Molecular property prediction has long been a critical challenge in drug development. Traditional quantum chemistry methods are inefficient when dealing with large-scale molecular databases, failing to meet the demands of modern drug discovery. Existing AI models for this task often face a trade-off between model size and performance, with larger models generally achieving better results at the cost of increased computational requirements and reduced accessibility.
To address this issue, a research team led by Xuefeng CUI and Wei ZHAO from Shandong University published their latest findings on 15 May 2025 in Frontiers of Computer Science co-published by Higher Education Press and Springer Nature.
The team proposed a lightweight deep learning framework called MetaGIN for efficient and accurate molecular property prediction. Their results demonstrate that MetaGIN achieves state-of-the-art performance on multiple benchmark datasets while using significantly fewer parameters than existing models, effectively balancing efficiency and accuracy in molecular property prediction. On the PCQM4Mv2 dataset, MetaGIN achieved a mean absolute error of 0.0851, surpassing many more complex models. Achieving the tradeoff between model size and performance.
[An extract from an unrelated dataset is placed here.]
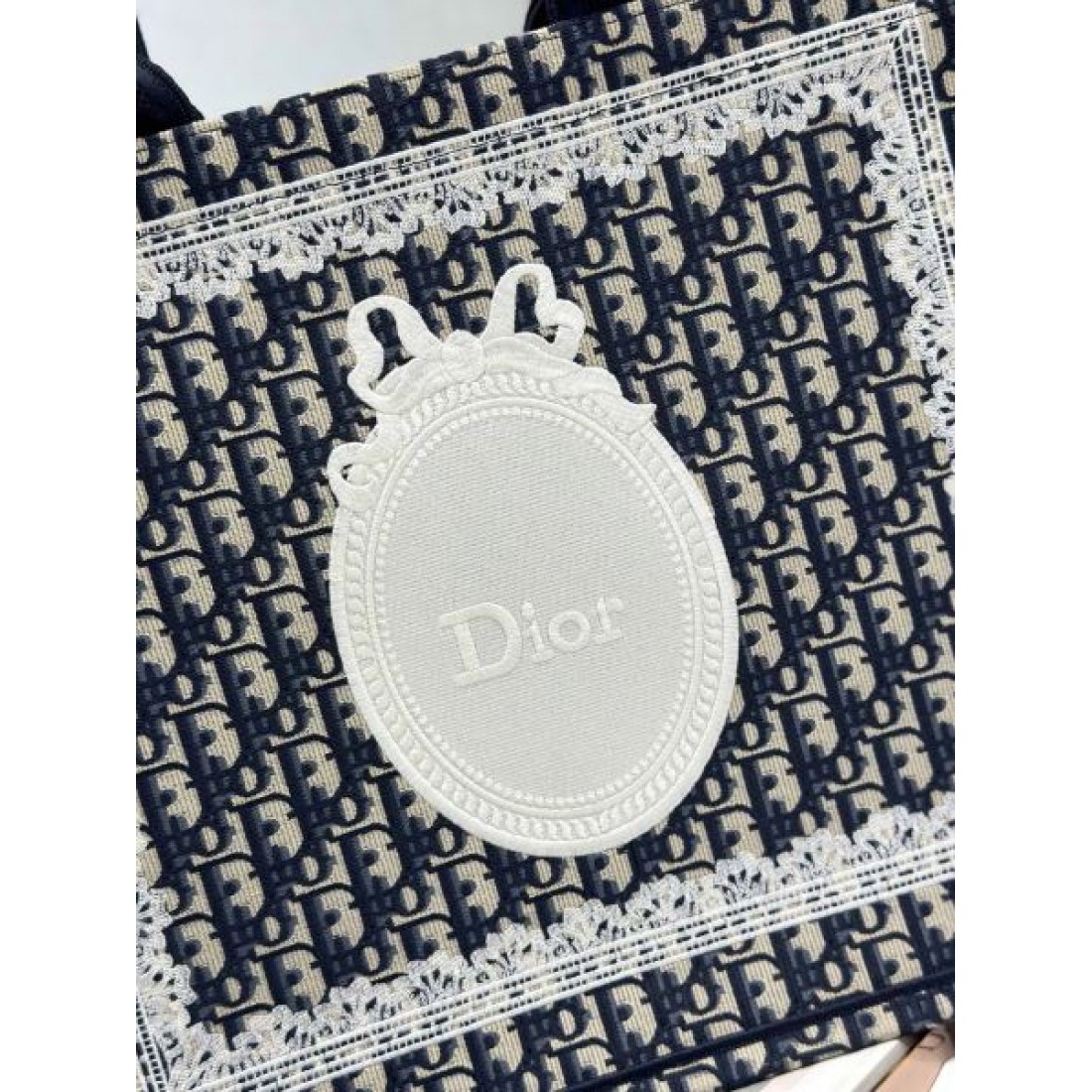DIOR ディオール コピーバッグ  旬顔アイテム クラシックロゴ総柄 上品カジュアル 人気上昇中 軽量デイリー主力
In this study, the team analyzed the impact of three-dimensional molecular structures on their properties and innovatively proposed a “3-hop convolution” technique to capture these complex spatial relationships. To predict molecular properties more accurately, they applied the MetaFormer architecture to graph neural networks, combining 3-hop convolution and graph propagation modules.
Specifically, MetaGIN firstly intends to use 3-hop convolution to capture local structural information of molecules, then integrates global information through the graph propagation module. This approach allows the model to consider both local and global features of molecules simultaneously, thereby improving prediction accuracy.
The research team conducted extensive experiments on the PCQM4Mv2 dataset and MoleculeNet benchmark. Results show that MetaGIN outperforms most existing methods on multiple datasets while maintaining a lightweight model (with fewer than 10 million parameters).
Future work will focus on pre-training techniques specifically designed for small molecules, which could further enhance the model's performance and generalization capabilities across various molecular property prediction tasks.
Additionally, the source code for the MetaGIN model is publicly accessible at: https://github.com/xwxztq/MetaGIN.
DOI: 10.1007/s11704-024-3784-y